Quartiers Gitans de Perpignan
Quartiers Gitans de Perpignan is a collection of photographs of graffiti in gypsy encampments in southwest France. But it’s not the colorful graffiti that is ubiquitous today, but rather, crudely written names of kids, which bring to mind the innocence and freedom of graffiti in 1970s New York. “When I discovered this graffiti, around 2002, I was fascinated by it,” says FUZI, the artist who published the book. “It was like vandalism in its purest form.” Quartiers Gitans de Perpignan is handmade and hand bound, and limited to just 100 signed-and-numbered copies.
Before & Further
If colorful graffiti and street art is more your thing, then DABS & MYLA’s new book should be on the top of your wish list. Before & Further chronicles their ambitious takeover of a 4,000 square-foot building in Los Angeles, which they painted inside and out, and filled with hand-painted Modernica furniture, lighting and ceramics. The 144-page book is jam-packed with the couple’s playful pieces and characters, like an aquamarine mural of cat faces and flower vases with triangles and squiggly lines. It’s limited to 2,500 copies, so we’d recommend purchasing now.
Megg & Mogg in Amsterdam
This comic looks cute—the main characters are a cat, an owl, a witch and a werewolf—but it’s actually dirtier than Real Deal. How can that be? Well, to start, they’re all on massive amounts of drugs and totally uncensored. In just one spread, the cat and the witch have sex in an Ikea, a parking lot, and then in a park, before the witch asks if she can stop. “I’m a bit bored,” she says, “and you need to trim your claws.” Then, in another spread, the characters hitchhike to a festival in the back of a bloody pickup truck, and later, the werewolf cries about how he gave two friends and his wife herpes and gonorrhea.
NSFW, a new book by esteemed British fashion photographer Rankin, is a collection of nude photographs taken throughout his 25-year career. Labeled the “Erotic Greatest Hits” of his nude work, the 303-page hardcover book features provocative shots of models hitchhiking naked in the desert, dipped in silver metallic paint, and much more. And although the book is outright sexy, it’s Rankin’s intention to celebrate and empower the female form.

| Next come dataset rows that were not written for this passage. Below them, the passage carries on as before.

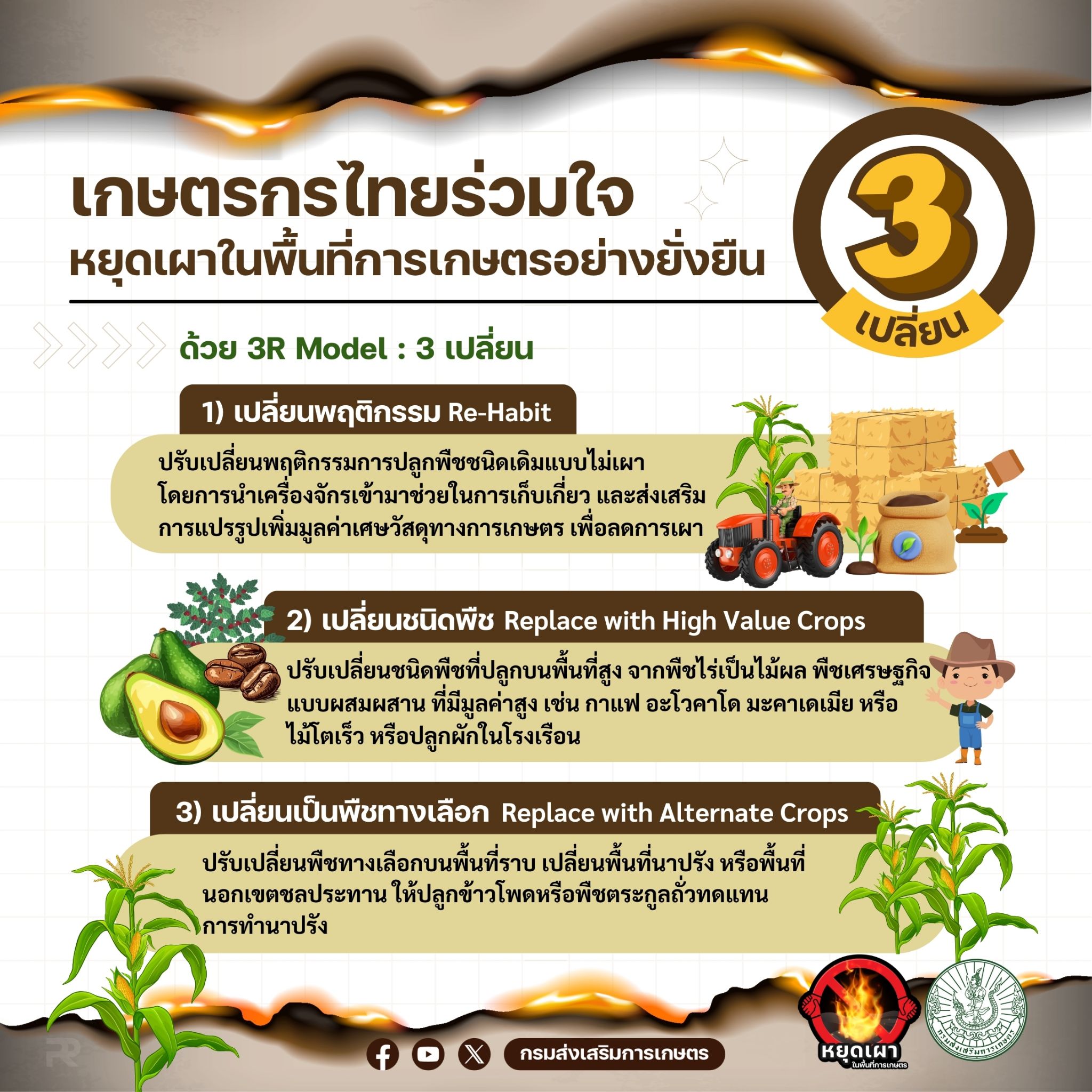 3r Model ศูนย์วิทยบริการเพื่อส่งเสริมการเกษตร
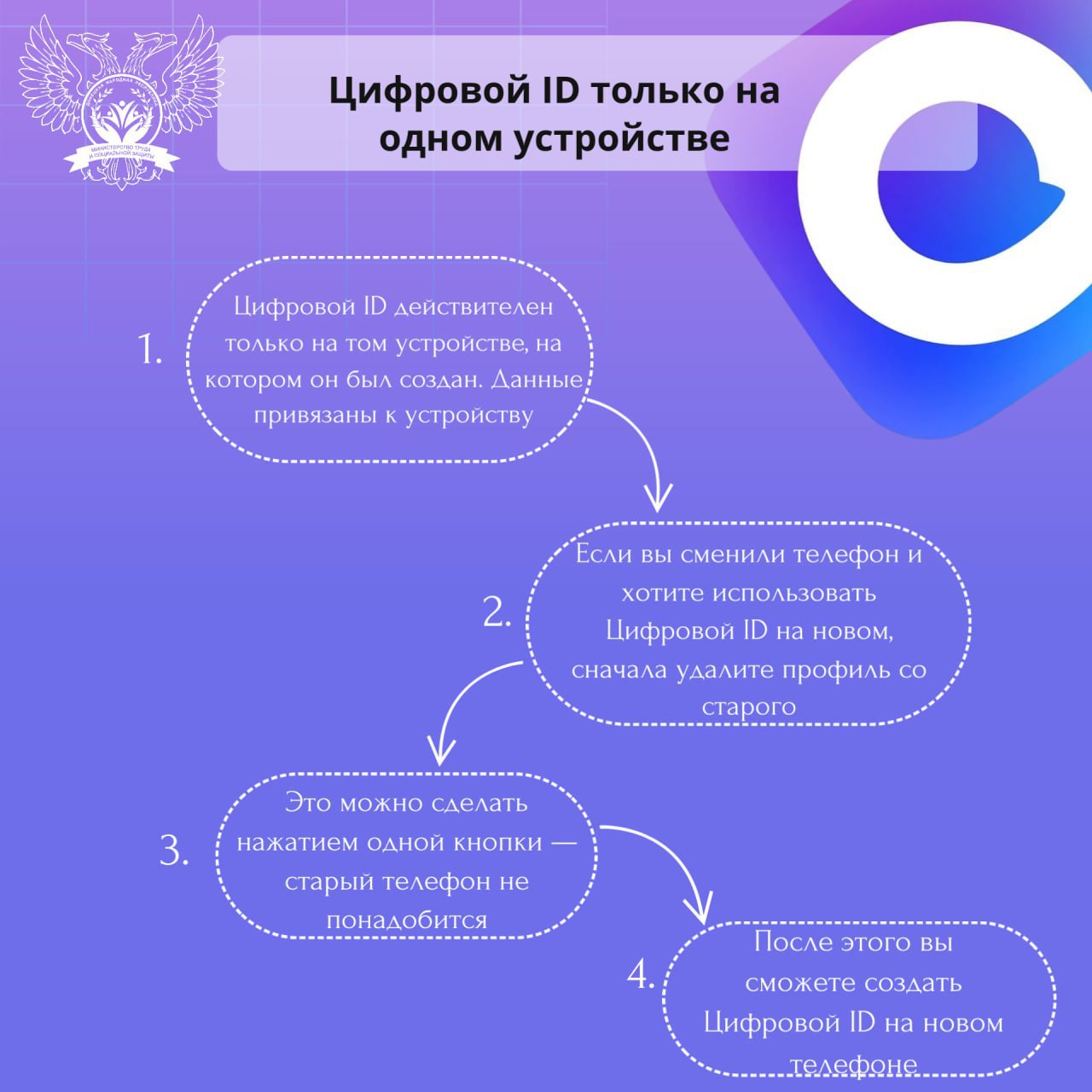 Отличная новость для многодетных семей, пользующихся мессенджером MAX! Отличная новость для многодетных семей, пользующихся мессенджером MAX!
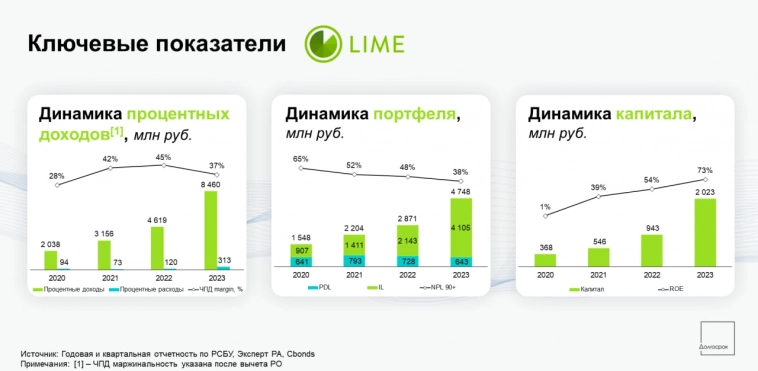 Лайм-Займ | Результаты за 2023 год и 1Q2024 – РСБУ - 18.05.2024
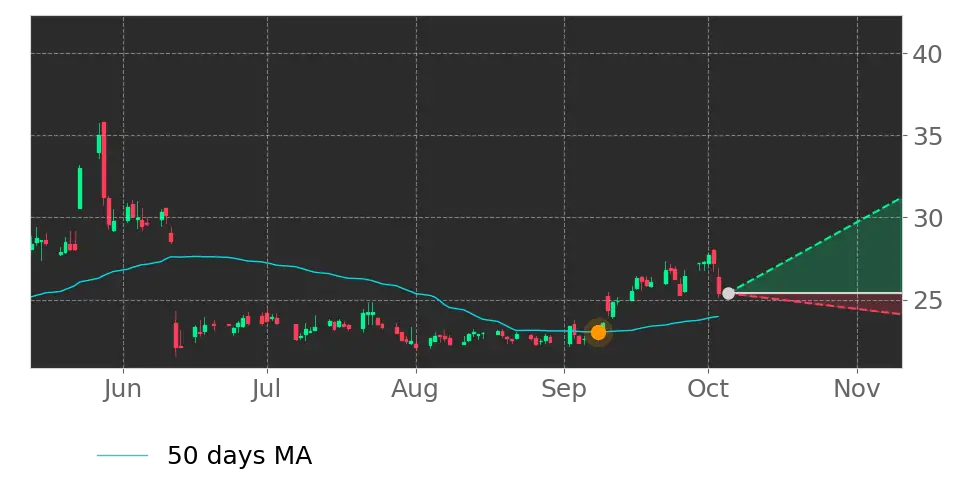 Stock Forecast, Price, News, Quote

Uncategorized, by photographer Chi Modu, features 200 pages of previously unseen photos of Tupac Shakur from 1994 to 1996. What makes this book particularly special is that many of the photos are candid: In one image, Pac drinks a beer on a sunny afternoon, and in another, he laughs and hugs a friend. The book offers an up-close and personal look at who Tupac really was, and reminds us why we came to love him, and why we still miss him. “Tupac had a profound impact on so many people, and his appeal transcends race, class, age, and geography,” Modu says. “It’s time to celebrate his life and there’s no better way than to share these photos with the world.”
Commissary Kitchen: My Infamous Cookbook
Pick this one up for any Mobb Deep fan or friend who’s in trouble with the law. Commissary Kitchen is a cookbook of recipes that multi-platinum musician Prodigy improvised during his 3-and-a-half year stint in prison. The ingredients for each recipe can be found in any prison’s commissary, and the collection includes “P’s Prison Potstickers” (made of elbow macaroni, a can of mixed vegetables, butter and hot sauce); “Don’t Try This at Home Prison Surprise” (ramen noodles, Doritos, canned fish and hot sauce); and “Prison Sangria” (apples, oranges, mixed fruit cups, bread, ketchup and sugar). As one clever reviewer on Amazon wrote, “Ain’t no such thing as halfway cooks.”